What are some upcoming trends?

Reality-based fiction is certainly the trend for YA. Teens want to read about other kids going through things they can relate to—granted these situations are often heightened for dramatic impact. For middle-grade, kids are crazy about graphic novels and heavily illustrated novels. And I don’t blame them—there is so much good stuff in the genres. From Cece Bell’s El Deafo (which was the first graphic novel to receive a Newbery—yeah!) to Smile to Diary of a Wimpy Kid, both girls and boys are reading and rereading these books. What I love about this genre is that it seems to be gender-neutral. Nine-year-old boys are reading Smile and Zita the Spacegirl. If it’s a good, action-packed story, it doesn’t seem to matter if it’s about a boy or a girl.

Superfun nonfiction will continue to grow and grow. Kids love facts and figures and weird tidbits of miscellany. The focus Common Core has on nonfiction will encourage more nonfiction sales both in the classroom as well as in the bookstore. Our Nathan Hale’s Hazardous Tales is really hitting its stride. Hale takes on juicy parts of history and makes them very readable. I’m looking forward to his spring book on the Alamo.

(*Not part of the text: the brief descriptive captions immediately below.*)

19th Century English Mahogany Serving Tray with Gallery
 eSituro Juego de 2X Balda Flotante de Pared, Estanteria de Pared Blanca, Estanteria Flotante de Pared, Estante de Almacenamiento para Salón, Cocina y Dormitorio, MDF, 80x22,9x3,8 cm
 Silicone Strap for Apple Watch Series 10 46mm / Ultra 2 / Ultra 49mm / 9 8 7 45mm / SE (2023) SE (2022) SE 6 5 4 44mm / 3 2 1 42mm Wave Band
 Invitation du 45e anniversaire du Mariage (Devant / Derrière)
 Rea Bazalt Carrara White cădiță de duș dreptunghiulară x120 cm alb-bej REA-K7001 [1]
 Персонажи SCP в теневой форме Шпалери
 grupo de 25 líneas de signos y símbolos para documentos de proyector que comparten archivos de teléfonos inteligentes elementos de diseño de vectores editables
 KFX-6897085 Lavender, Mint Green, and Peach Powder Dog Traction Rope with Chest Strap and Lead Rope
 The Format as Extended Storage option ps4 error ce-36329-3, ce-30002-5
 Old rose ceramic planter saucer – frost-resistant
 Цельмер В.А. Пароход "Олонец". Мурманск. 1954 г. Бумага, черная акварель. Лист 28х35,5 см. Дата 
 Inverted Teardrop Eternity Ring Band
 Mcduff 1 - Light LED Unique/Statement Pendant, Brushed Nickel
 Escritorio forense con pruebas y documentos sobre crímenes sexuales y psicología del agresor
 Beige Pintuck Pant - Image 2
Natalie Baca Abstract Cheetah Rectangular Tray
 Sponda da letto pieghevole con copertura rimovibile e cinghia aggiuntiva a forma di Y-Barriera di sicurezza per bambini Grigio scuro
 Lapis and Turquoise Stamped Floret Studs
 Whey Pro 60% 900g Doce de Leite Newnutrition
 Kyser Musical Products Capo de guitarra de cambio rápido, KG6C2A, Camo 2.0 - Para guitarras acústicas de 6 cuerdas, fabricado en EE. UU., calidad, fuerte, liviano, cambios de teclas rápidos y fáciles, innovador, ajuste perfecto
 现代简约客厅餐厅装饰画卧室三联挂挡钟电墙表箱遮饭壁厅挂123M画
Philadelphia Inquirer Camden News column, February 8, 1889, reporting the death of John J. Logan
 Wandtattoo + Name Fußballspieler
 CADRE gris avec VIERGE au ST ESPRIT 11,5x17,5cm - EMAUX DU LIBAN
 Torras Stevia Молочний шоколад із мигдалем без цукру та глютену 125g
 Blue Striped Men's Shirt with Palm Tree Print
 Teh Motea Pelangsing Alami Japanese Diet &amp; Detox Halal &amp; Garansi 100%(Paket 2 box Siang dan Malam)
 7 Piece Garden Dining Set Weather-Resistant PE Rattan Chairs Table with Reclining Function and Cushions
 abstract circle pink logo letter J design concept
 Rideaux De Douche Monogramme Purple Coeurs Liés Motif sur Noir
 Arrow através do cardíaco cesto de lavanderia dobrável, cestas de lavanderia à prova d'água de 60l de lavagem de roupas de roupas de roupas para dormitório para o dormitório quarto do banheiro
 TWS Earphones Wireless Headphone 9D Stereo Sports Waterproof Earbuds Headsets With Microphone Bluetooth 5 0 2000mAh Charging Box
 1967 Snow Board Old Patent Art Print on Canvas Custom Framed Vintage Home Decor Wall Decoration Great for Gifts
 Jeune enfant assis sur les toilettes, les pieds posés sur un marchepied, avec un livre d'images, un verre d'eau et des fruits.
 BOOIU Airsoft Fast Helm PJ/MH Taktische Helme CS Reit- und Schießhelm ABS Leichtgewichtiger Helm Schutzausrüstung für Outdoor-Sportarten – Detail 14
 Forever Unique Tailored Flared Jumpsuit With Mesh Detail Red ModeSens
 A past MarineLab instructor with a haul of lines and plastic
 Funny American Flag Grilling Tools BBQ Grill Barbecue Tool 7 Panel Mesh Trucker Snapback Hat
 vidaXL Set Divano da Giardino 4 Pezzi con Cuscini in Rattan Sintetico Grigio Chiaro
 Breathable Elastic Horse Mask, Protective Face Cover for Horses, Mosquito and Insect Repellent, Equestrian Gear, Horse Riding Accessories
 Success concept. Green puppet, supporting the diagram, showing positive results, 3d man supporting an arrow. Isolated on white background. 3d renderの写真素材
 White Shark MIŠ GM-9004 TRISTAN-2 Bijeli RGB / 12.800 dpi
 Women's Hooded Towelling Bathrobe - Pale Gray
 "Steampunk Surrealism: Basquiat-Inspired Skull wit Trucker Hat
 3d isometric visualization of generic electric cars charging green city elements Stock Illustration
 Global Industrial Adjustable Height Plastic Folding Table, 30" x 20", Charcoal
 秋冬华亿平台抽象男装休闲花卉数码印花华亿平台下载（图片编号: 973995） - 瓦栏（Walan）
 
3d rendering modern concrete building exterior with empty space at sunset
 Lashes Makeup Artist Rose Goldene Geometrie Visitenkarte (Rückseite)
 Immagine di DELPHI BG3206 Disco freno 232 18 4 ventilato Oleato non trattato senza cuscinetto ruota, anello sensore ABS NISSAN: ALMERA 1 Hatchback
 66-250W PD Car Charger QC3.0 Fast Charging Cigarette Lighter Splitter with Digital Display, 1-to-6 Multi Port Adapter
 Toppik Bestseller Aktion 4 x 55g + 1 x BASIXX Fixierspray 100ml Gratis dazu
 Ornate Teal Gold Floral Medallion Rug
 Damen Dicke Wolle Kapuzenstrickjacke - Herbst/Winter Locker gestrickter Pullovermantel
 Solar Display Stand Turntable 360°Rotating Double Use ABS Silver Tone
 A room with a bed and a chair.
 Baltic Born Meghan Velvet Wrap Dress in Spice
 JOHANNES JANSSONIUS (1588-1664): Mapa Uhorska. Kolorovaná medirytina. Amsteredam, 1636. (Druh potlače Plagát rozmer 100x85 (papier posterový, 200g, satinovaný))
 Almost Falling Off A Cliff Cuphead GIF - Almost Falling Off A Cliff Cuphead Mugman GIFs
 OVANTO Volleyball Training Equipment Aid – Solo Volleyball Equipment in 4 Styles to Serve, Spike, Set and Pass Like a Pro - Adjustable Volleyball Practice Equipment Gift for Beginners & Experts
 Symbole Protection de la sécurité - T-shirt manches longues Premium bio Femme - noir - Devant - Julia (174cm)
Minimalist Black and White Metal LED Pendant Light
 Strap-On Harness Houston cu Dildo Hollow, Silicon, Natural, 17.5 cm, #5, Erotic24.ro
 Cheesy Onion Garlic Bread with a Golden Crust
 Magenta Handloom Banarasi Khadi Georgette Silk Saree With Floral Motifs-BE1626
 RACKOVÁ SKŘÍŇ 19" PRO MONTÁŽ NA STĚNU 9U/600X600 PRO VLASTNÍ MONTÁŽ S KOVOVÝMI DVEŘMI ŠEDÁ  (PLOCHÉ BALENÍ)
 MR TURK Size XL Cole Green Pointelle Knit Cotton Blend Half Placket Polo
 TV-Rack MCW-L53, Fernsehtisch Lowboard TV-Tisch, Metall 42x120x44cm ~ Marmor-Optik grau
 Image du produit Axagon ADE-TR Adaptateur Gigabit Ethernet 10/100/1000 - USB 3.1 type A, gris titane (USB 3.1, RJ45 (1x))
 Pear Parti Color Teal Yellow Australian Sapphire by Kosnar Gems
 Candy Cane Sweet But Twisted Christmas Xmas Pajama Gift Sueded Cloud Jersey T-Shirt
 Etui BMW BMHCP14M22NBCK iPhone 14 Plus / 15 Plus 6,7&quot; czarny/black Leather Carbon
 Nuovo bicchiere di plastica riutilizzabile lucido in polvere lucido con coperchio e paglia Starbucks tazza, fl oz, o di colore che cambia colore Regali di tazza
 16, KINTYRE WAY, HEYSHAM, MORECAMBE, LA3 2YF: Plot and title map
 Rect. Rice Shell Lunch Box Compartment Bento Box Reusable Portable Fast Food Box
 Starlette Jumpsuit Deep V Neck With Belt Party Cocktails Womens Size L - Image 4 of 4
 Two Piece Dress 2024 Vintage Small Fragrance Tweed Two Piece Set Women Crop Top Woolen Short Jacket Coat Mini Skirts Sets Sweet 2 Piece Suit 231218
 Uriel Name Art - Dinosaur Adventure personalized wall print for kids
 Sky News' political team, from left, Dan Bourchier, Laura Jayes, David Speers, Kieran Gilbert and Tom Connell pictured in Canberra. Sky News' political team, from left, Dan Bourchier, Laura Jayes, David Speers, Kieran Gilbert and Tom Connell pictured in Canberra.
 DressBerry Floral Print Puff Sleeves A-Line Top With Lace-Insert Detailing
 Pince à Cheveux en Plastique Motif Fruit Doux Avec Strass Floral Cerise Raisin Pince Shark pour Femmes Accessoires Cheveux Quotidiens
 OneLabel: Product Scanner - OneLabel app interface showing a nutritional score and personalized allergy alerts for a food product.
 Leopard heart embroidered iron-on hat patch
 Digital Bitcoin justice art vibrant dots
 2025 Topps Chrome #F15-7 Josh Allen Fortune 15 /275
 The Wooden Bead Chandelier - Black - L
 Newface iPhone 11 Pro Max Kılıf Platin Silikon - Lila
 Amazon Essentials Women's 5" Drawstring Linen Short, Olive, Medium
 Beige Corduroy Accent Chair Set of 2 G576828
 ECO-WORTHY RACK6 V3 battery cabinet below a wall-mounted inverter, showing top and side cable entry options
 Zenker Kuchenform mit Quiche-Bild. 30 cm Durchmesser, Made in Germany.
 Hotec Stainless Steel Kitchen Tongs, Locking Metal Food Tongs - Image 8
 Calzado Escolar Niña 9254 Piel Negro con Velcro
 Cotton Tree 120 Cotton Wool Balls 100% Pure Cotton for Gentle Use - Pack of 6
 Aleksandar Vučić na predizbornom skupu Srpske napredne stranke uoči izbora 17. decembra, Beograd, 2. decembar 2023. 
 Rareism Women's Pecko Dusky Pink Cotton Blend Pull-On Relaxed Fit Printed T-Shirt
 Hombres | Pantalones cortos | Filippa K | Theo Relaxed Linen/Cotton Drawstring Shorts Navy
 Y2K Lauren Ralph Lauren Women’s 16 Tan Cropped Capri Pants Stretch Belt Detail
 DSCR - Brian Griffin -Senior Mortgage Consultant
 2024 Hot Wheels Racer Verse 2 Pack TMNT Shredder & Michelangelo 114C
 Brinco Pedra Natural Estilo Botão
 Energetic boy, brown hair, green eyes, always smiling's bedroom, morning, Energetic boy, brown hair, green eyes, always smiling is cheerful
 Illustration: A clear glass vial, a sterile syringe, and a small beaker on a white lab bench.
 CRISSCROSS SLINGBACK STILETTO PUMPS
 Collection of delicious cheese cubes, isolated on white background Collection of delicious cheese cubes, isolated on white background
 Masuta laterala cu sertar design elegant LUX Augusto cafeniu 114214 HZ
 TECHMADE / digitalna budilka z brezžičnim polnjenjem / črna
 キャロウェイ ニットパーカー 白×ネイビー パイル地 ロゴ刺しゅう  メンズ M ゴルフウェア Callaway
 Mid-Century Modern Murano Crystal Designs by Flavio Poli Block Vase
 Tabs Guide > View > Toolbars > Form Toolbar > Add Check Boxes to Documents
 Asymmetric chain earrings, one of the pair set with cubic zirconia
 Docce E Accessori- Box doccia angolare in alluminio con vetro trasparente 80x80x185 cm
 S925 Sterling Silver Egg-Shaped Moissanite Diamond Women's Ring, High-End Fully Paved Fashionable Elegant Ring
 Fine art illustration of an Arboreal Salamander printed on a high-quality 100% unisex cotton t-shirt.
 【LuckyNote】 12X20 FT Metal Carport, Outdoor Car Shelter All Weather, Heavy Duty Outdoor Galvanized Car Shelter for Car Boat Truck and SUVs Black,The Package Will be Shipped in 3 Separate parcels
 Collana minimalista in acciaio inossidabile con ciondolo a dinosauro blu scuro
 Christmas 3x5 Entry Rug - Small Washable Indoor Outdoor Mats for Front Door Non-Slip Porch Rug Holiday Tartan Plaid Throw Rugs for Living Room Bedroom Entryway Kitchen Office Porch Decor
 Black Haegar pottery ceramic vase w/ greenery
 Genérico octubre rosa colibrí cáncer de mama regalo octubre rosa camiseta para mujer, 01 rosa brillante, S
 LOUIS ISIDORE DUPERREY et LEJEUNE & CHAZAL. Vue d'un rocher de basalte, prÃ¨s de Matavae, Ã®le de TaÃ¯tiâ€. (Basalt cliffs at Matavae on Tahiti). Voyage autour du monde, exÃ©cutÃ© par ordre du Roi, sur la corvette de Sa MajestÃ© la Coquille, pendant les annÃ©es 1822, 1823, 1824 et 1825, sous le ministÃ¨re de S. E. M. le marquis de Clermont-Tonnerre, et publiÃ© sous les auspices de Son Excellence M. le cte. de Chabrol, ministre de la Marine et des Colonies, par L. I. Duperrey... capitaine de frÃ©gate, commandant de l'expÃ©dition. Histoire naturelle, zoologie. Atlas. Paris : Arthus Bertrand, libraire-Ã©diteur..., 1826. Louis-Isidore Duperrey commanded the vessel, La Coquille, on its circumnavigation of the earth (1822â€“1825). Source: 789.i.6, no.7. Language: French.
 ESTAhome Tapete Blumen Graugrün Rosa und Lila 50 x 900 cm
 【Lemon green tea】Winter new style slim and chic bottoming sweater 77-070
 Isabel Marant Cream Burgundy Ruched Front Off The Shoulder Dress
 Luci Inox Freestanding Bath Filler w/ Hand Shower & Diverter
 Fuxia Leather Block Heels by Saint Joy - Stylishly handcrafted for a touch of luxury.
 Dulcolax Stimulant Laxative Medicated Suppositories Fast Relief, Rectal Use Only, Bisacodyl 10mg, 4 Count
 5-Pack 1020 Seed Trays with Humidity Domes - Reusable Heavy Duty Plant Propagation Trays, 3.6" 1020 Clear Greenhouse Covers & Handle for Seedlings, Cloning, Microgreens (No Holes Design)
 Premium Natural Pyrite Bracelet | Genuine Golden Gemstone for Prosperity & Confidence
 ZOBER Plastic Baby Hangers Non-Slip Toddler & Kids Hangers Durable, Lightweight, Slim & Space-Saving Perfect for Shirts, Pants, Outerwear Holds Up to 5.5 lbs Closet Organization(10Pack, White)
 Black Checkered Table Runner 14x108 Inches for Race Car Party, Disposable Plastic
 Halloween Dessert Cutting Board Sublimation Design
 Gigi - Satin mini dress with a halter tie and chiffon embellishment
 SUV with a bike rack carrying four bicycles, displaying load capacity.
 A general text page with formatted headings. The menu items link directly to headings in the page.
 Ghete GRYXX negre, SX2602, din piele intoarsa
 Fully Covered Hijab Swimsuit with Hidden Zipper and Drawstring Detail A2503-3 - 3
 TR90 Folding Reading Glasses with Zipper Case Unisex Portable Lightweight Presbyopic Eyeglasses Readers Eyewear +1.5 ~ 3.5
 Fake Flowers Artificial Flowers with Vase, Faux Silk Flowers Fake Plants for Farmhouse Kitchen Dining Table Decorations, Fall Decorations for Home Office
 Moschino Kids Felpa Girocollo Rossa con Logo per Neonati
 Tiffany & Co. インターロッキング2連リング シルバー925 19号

What book/genre/topic would you like to see cross your transom?

To jump on the #weneedmorediverse books bandwagon, I want more diverse books! And adding a token gay character or Asian friend isn’t enough. I want children’s literature to reflect the world in which kids live—a world of kids of all color from all types of families from every socioeconomic background in every corner of our planet. The books shouldn’t be overly didactic or message-heavy. Kids want to see themselves reflected in books, and it’s our responsibility to make that happen. *Stepping off my soapbox*

Another trend from my childhood that I’d love to see return is the horror novels of the late ’80s. I’m thinking Christopher Pike or Lois Duncan. I loved those books when I was younger. They were reality-based but heightened with a crazed killer or random haunting.

As an aside, I asked my kids this question. My 8-year-old said: a graphic novel about cats or a novel about cats. And my 4-year-old said: a book about “boo-boos.”

What topic don’t you ever want to see again?

Trilogies about dystopian societies or books about dystopia or just plain old trilogies.

What is unique about your corner of the industry?

Abrams began over 65 years ago as an art book publisher. Beautiful, well-designed books are in our blood. Our books have brains and beauty—great content and gorgeous packages. We publish books that people want to physically hold in their hands and give as gifts. When advances come in, people will ooh and aah over the finished product. We even have a sales manager who will smell them—she loves the smell of a freshly printed book. Abrams has a passion for books.

Jody Mosley is the associate publisher of Abrams Books, Children’s Division. Prior to this position, she was the director of special markets. Jody has held sales positions at Hachette, MacMillan, and Random House. Having just finished reading every single novel on Abram’s amazing spring 2016 list, she’s now reading Colson Whitehead’s Sag Harbor and wondering if he’d ever take a stab at YA.